◆ RECORDED DATA
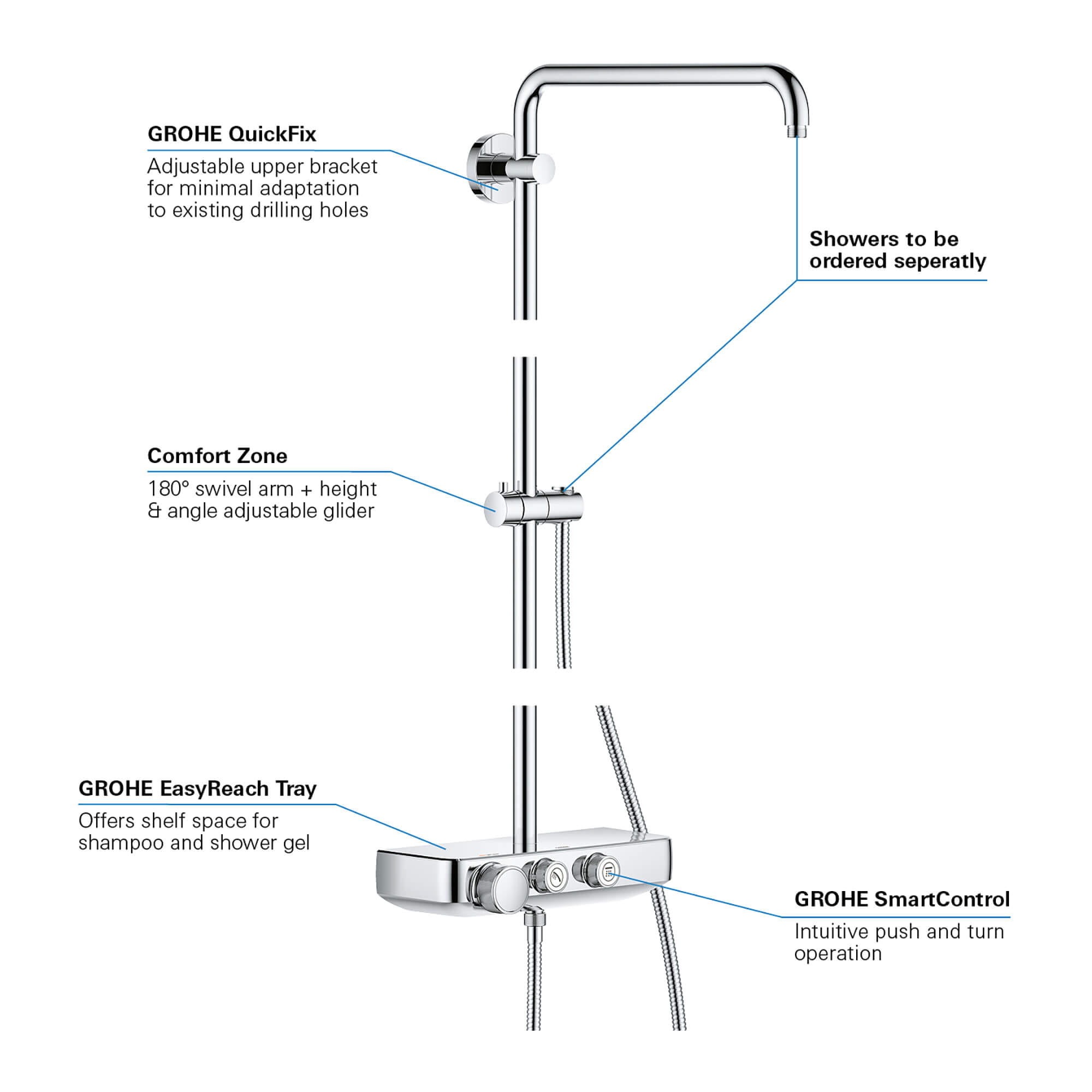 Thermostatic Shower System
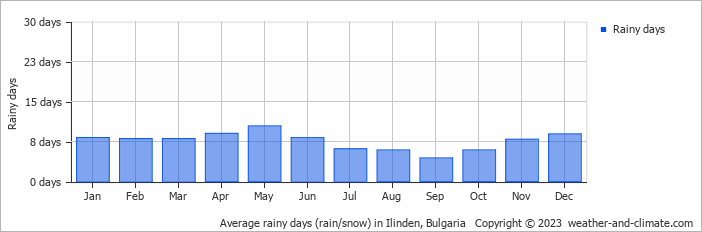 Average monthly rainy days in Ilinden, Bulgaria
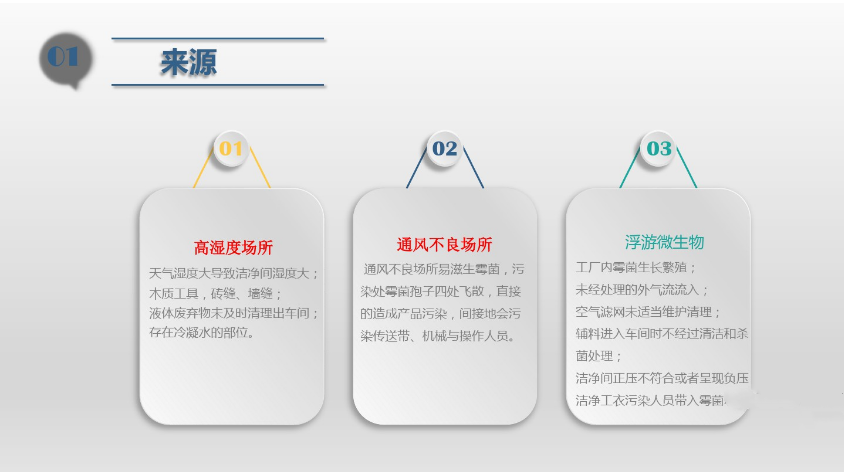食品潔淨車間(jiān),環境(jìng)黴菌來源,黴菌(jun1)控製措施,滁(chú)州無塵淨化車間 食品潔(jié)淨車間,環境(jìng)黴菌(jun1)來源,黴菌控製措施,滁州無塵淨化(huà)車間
* * *
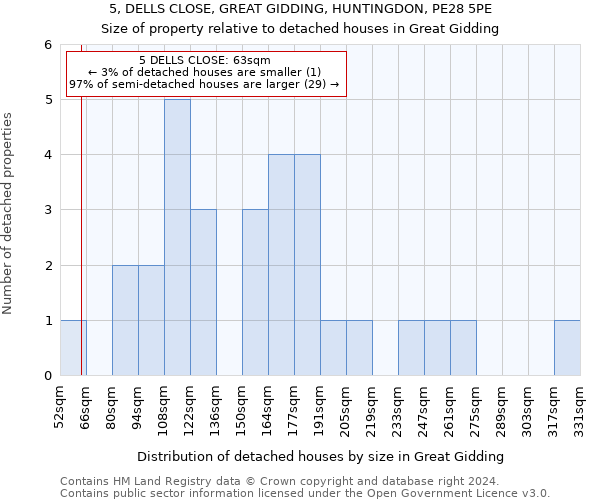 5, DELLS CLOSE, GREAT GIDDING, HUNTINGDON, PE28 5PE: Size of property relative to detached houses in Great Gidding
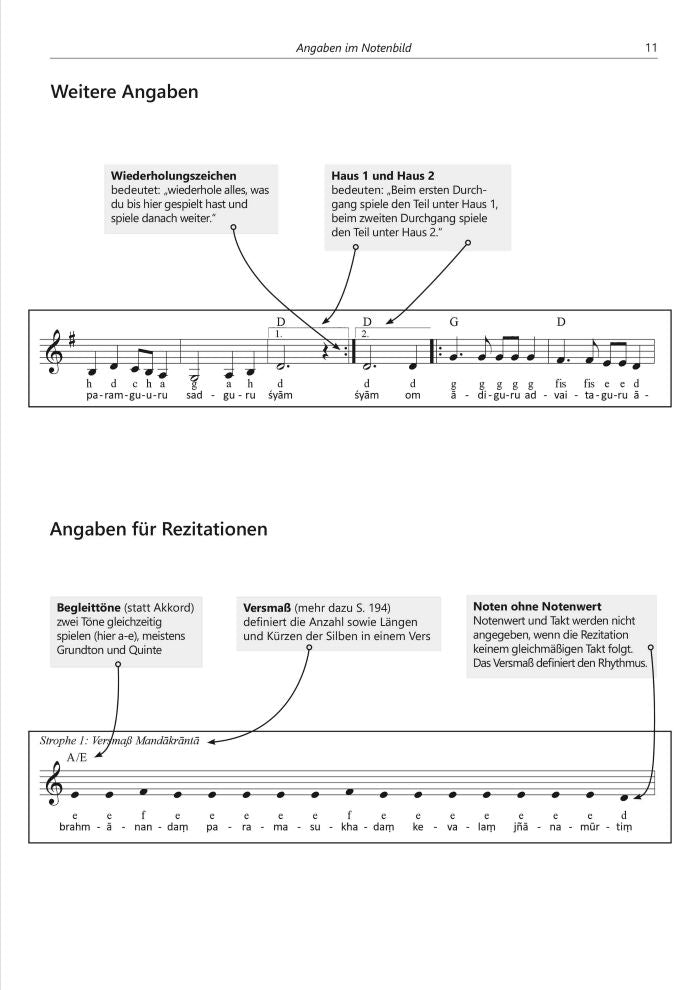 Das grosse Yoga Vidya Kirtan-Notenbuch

◆ PROBLEM TO WORK ON
Look back at the data above, then output exactly the lines from the line holding "Average monthly rainy" up to and including the line holding "食品潔淨車間(jiān),環". Leave out the pictures.

◆ SOLUTION TO THIS TASK
 Average monthly rainy days in Ilinden, Bulgaria
食品潔淨車間(jiān),環境(jìng)黴菌來源,黴菌(jun1)控製措施,滁(chú)州無塵淨化車間 食品潔(jié)淨車間,環境(jìng)黴菌(jun1)來源,黴菌控製措施,滁州無塵淨化(huà)車間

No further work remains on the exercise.